É, a cidade é poética, encanta, inspira, canta e dança, apesar de sua idade tão avançada, completando nesta quinta-feira 463 anos. Por isso, ela merece todas as homenagens e os nossos mais sinceros parabéns.
            Mas não nos deixemos enganar pela sua aparência saudável e fértil, porque essa velha senhora não anda assim tão bem, embora continue a atulhar seus filhos pela periferia. Digo até que nunca a vi tão abandonada, desrespeitada e cansada de viver. O amor, neste caso, dedicado a ela, é um contraponto de uma história de labuta e fé no Senhor do Bonfim, para não se negar a essa senhora vetusta a luz no final do túnel, visto que o caminho anda mal iluminado e sem futuro. Com o descaso irritante dos seus governos, cenas deploráveis já nos são mais comuns do que queríamos ver. Ontem mesmo eu a vi parindo no meio da rua, apesar de sua idade; e eu a vi esmolando numa sinaleira, apesar de sua idade; e eu a vi entregando-se às drogas, apesar de sua idade.

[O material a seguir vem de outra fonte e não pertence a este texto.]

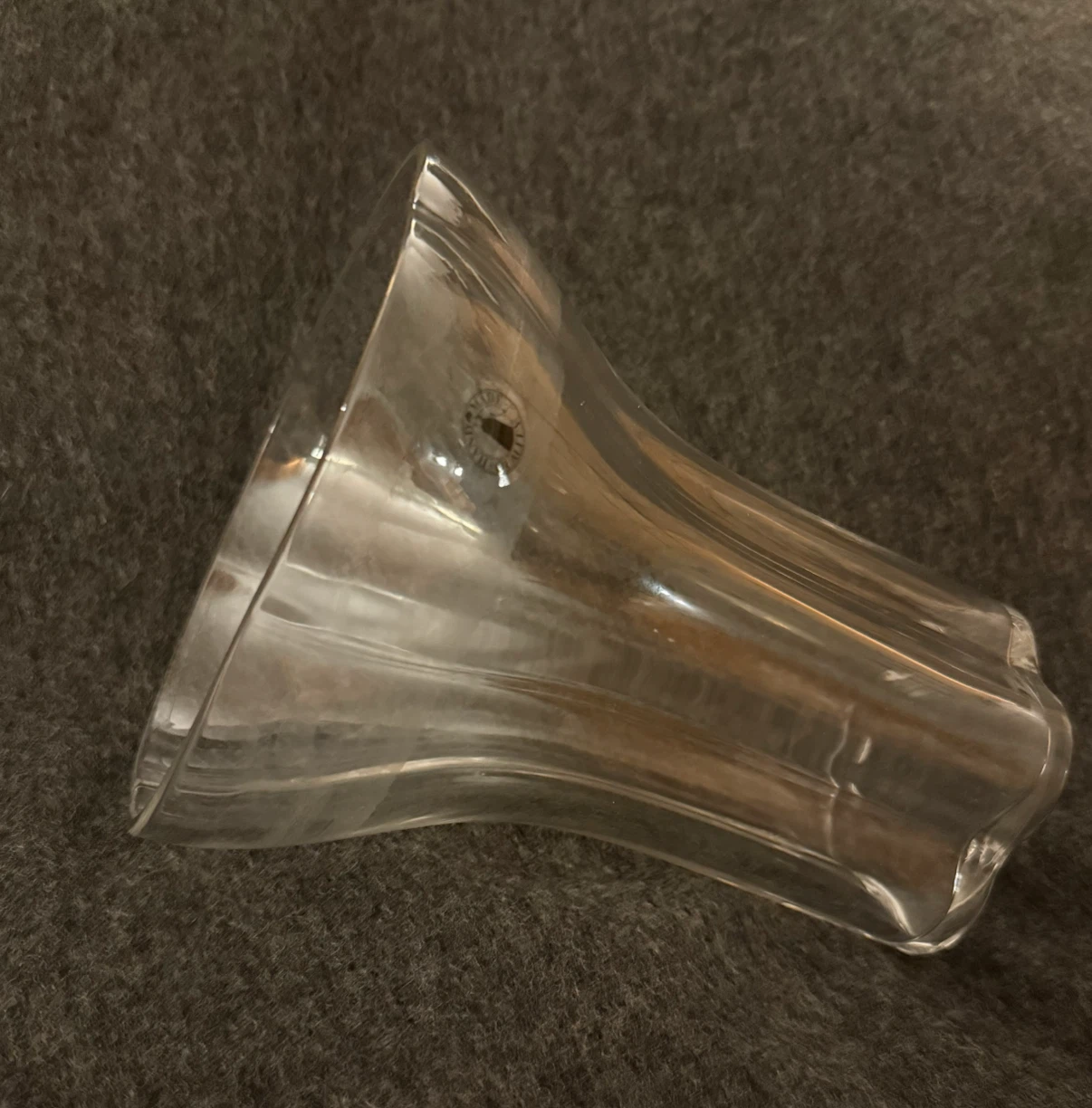 Clear Glass Vase - photo 3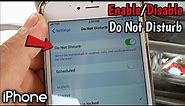 How to Enable/Disable Do Not Disturb in iPhone 6 Plus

Pior do que isso, a sua gente vai se tornando insensível aos dramas sociais e finalmente se acostuma em vê-la entre o descaso e o abandono.
            Sem ser piegas, a Cidade do Salvador ainda nos encanta e nos emociona e nos inspira amor, portanto há toda a possibilidade de nos fazer feliz, e de ela também se fazer feliz, mas não sejamos demasiadamente bairristas e não fechemos os olhos aos desmandos e aos descuidos de tantos governos que por ela passaram. Deixemos as calçadas limpas e desimpedidas para que ela, a velha cidade, possa caminhar tranquilamente sem temer a própria sorte; deixemos as crianças nas escolas, para que ela, a caridosa cidade, não se envergonhe de si mesma ao vê-las se prostituindo pelas ruas; deixemos cada cidadão apropriar-se do seu direito de ir e vir, para que ela, a justa cidade, não precise empunhar bandeiras pela paz.    
            Cantemos parabéns para essa linda cidade, mas deixemos que ela mesma apague suas velhinhas.